= Beginning of Section =

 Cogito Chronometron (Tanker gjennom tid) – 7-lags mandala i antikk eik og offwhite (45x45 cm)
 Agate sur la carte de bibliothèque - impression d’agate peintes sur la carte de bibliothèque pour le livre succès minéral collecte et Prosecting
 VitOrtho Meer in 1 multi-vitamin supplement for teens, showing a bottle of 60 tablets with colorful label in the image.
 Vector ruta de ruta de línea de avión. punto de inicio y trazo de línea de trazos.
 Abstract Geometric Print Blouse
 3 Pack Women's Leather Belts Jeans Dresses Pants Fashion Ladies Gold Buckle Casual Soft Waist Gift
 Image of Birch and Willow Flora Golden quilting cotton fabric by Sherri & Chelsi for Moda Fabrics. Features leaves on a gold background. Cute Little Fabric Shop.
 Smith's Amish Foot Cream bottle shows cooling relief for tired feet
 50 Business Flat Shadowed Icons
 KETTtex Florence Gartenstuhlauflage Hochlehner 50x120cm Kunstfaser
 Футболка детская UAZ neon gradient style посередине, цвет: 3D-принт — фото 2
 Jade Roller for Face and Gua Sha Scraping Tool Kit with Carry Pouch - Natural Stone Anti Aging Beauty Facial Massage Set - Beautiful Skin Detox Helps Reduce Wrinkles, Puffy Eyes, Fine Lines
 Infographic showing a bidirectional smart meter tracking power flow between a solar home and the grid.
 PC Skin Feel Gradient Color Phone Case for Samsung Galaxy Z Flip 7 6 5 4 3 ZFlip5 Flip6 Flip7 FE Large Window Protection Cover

= End of Section =

WORK ORDER: The answer must be an exact copy of the lines from the one containing "Футболка детская UAZ" through the last line of the records, both included.

ANSWER BELOW:
 Футболка детская UAZ neon gradient style посередине, цвет: 3D-принт — фото 2
 Jade Roller for Face and Gua Sha Scraping Tool Kit with Carry Pouch - Natural Stone Anti Aging Beauty Facial Massage Set - Beautiful Skin Detox Helps Reduce Wrinkles, Puffy Eyes, Fine Lines
 Infographic showing a bidirectional smart meter tracking power flow between a solar home and the grid.
 PC Skin Feel Gradient Color Phone Case for Samsung Galaxy Z Flip 7 6 5 4 3 ZFlip5 Flip6 Flip7 FE Large Window Protection Cover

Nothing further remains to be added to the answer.